Semenjak Al-Qur'an diturunkan "nuzulul qur'an" tepatnya tanggal 17 Ramadhan, gendering dakwah Islam pertama mulai dikumandangkan oleh baginda Rasul. Al-Qur'an tidak diturunkan serta merta 30 juz namun secara berangsung-angsur "munajjaman" kurang lebih selama 23 tahun. 

Hal ini bukan tanpa alasan, namun banyak sekali hikmah yang bisa diambil didalamnya. Diantara hikmah tersebut, untuk memperkuat hati rasul & menghilangkan sifat pesimis dalam menyampaikan dakwahnya kepada orang-orang musrik. Setiap ada cobaan dakwah, Al-Qur'an turun memberikan solusi dan penawar sehingga memberi ketenangan dan memperteguh kembali hati beliau.

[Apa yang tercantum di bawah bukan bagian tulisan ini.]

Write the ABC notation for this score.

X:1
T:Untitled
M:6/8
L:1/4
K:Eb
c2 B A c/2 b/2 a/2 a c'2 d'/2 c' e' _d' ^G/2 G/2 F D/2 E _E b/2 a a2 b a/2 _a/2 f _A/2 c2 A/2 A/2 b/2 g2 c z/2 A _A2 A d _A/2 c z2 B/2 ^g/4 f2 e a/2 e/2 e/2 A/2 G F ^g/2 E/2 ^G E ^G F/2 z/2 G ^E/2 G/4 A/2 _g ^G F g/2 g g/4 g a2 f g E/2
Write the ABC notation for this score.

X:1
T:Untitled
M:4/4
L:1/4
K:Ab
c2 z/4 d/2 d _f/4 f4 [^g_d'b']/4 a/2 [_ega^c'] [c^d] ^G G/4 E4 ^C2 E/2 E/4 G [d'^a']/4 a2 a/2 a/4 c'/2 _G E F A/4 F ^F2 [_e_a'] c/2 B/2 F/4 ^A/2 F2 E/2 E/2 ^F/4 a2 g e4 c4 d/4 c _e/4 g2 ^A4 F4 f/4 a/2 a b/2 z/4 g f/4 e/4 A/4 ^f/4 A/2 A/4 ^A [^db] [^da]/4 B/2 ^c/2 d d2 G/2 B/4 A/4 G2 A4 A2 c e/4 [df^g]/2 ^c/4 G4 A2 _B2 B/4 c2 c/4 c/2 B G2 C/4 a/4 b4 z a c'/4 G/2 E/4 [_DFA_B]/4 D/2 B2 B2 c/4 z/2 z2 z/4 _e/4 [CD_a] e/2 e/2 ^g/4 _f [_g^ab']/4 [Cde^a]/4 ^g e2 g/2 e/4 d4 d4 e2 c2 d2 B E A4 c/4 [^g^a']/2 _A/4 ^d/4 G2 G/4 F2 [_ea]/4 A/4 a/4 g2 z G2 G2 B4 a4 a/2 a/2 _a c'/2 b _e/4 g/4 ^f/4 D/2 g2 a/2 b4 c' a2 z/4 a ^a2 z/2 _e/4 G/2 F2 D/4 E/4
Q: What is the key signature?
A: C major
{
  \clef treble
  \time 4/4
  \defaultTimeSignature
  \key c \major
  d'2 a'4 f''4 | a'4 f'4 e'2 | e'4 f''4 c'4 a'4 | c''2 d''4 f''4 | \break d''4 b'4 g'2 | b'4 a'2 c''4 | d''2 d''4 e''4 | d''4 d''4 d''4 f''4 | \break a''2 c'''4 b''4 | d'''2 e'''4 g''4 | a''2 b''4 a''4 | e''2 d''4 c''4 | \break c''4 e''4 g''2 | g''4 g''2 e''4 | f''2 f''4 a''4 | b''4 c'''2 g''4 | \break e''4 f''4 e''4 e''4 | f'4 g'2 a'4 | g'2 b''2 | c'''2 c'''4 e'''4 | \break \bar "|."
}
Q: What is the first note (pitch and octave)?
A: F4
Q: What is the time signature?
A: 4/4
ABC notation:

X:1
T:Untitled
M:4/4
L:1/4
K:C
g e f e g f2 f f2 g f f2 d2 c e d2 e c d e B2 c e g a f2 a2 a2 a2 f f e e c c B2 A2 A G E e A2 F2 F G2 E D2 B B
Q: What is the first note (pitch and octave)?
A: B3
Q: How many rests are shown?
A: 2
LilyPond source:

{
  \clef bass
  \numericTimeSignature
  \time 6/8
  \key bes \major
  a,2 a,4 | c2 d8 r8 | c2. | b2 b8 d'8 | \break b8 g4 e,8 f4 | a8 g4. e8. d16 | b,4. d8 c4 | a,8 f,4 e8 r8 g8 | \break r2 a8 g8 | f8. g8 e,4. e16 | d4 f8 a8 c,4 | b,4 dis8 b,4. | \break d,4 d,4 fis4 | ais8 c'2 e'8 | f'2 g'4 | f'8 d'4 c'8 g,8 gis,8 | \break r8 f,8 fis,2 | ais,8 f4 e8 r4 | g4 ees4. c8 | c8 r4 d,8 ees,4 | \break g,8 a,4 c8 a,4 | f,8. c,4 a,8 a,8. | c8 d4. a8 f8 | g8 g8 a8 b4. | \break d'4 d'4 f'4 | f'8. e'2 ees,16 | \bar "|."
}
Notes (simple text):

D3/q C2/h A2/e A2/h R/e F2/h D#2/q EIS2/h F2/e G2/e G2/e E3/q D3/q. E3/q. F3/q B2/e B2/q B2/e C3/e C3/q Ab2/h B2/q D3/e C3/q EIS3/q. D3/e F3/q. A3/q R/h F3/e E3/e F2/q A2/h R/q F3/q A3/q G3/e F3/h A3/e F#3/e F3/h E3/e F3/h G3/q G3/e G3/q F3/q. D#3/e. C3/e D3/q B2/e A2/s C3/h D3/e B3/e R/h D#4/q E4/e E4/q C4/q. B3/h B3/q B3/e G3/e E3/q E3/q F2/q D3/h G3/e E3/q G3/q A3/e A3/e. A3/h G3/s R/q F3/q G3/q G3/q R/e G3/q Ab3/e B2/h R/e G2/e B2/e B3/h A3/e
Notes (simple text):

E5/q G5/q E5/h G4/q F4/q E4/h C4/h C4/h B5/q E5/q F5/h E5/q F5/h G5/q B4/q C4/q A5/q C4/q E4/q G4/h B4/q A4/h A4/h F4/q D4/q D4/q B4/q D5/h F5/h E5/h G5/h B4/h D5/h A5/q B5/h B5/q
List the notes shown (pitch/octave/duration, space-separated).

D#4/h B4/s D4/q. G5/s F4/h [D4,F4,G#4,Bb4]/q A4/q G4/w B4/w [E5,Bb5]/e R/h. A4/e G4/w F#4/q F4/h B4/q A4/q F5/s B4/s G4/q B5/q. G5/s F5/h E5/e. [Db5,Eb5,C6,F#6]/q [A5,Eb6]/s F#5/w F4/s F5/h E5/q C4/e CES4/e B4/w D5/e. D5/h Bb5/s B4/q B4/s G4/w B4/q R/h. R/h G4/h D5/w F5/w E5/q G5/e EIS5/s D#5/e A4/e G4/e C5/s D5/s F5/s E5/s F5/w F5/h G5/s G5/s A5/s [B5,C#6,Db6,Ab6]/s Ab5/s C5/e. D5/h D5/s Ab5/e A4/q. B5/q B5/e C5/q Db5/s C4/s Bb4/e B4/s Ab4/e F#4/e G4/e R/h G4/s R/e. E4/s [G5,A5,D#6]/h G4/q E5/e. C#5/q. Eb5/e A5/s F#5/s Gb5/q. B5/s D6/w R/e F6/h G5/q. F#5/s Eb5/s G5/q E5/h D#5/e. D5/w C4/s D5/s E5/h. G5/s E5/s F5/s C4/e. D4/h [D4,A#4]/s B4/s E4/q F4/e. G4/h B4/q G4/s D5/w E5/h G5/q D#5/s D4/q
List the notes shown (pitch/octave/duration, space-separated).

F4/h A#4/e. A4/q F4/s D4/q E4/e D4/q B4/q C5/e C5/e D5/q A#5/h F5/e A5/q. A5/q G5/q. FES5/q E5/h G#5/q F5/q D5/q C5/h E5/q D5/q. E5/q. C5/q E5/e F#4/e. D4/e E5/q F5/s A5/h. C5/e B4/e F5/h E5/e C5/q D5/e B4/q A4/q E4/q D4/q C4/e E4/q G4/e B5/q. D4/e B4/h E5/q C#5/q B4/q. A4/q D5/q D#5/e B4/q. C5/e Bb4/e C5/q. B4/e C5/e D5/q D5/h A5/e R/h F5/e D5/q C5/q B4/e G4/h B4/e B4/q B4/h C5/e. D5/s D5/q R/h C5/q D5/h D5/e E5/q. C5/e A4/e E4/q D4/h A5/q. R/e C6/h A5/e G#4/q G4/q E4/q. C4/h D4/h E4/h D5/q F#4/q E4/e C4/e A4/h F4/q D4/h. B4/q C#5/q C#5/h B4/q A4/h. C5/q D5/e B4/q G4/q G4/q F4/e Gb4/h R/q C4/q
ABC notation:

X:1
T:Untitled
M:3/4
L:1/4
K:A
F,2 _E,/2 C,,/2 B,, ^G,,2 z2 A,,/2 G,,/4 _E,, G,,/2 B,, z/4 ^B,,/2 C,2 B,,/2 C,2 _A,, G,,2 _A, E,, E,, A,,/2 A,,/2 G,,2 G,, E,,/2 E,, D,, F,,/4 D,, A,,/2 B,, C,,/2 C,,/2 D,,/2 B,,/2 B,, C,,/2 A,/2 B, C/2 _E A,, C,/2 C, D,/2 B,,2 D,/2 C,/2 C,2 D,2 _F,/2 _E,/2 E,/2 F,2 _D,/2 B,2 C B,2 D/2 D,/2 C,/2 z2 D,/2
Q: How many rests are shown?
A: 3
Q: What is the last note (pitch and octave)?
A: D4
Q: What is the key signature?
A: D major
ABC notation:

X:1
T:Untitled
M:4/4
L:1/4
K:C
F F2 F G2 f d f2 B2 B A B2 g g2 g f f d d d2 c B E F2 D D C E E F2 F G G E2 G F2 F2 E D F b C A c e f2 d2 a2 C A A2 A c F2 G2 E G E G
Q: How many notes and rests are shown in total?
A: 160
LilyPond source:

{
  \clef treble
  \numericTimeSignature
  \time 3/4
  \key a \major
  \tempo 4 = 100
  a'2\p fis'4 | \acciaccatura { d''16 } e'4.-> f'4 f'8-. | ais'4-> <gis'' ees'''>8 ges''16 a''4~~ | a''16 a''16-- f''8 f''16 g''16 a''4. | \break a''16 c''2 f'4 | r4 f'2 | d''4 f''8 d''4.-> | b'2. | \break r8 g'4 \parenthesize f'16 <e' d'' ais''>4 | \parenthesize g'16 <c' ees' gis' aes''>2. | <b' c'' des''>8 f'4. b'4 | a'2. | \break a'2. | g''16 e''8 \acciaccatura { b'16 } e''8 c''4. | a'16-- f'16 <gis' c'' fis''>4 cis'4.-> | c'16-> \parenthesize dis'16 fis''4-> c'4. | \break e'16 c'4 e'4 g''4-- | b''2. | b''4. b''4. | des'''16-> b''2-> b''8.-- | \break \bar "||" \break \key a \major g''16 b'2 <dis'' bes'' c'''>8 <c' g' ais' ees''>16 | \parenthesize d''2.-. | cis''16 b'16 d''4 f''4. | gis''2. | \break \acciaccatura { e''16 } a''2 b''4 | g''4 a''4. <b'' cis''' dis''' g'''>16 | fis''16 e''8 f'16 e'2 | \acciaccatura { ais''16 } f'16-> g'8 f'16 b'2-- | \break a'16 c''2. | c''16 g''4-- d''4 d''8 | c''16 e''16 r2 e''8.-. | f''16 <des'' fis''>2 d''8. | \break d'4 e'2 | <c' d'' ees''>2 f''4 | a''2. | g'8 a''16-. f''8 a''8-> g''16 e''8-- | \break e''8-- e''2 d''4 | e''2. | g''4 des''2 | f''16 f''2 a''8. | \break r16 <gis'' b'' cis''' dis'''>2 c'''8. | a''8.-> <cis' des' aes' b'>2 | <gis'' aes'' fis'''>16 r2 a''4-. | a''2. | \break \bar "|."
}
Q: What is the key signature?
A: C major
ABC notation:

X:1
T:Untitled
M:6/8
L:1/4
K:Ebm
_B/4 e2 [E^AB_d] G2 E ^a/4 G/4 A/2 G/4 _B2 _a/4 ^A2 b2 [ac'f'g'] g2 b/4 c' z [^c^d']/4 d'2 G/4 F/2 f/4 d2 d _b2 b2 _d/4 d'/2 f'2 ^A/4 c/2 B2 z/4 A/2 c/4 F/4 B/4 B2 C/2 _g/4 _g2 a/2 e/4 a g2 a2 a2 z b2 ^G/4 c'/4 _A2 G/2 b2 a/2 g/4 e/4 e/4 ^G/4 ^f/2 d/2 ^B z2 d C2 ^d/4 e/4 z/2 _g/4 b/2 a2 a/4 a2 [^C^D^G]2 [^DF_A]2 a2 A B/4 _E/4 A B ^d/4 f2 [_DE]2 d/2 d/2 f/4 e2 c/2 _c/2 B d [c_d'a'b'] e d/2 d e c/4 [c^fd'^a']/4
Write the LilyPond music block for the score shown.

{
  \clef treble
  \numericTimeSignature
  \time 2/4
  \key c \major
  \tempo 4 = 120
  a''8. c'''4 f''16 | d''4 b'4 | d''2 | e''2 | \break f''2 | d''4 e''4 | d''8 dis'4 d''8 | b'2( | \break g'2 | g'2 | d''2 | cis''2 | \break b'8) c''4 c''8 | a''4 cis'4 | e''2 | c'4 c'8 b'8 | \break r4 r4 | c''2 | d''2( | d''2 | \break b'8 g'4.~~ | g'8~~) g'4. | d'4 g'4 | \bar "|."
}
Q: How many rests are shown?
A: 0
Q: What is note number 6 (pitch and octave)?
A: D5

Dari kajian sejarah pembentukan Al-Qur’an, kita mengetahui bahwa kitab suci ini berkembang dengan sangat dinamis, berinteraksi dengan kehidupan umat manusia, yang kadang sangat bersifat lokal dan temporal. Ayat-ayat yang dimulai dengan pertanyaan-pertanyaan para sahabat Nabi, misalnya (yas’alunaka anil khamr, anil ahillah, anil mahidh, dan seterusnya), adalah refleksi dari kehidupan yang dijalani Nabi dan para sahabatnya. Kasus-kasus seperti minuman keras dan menstruasi (yang disebutkan dalam ayat yas’alunaka itu), adalah persolan manusia di dunia yang muncul tiba-tiba karena desakan situasi yang dihadapi para sahabat nabi saat itu. Dengan kata lain, jika tidak ada situasi yang mendesak tersebut, maka ayat-ayat tentang khamar dan menstruasi akan absen dari Al-Qur’an.
Mengkaji sejarah Al-Qur’an dengan melihat proses-proses pembentukannya, baik pada masa Nabi dan masa-masa sesudahnya sangat penting, untuk mengingatkan kita selalu bahwa Al-Qur’an adalah manifestasi manusiawi dari kalamullah. Seperti juga kitab-kitab suci lainnya di dunia ini, Al-Qur’an memiliki keterbatasan-keterbatasan pada lingkup kebahasaan dan kesejarahan di mana ia diturunkan. Namun demikian, sebagai sebuah manifestasi dari kalamullah, Al-Qur’an memiliki kesamaan-kesamaan dengan kitab-kitab suci lainnya (yang juga merupakan kalamullah). Aspek kesamaan inilah (dalam bahasa Al-Qur’an disebut “kalimatun sawaa”) yang harus selalu ditekankan oleh kaum Muslim secara khusus dan seluruh umat beragama secara umum.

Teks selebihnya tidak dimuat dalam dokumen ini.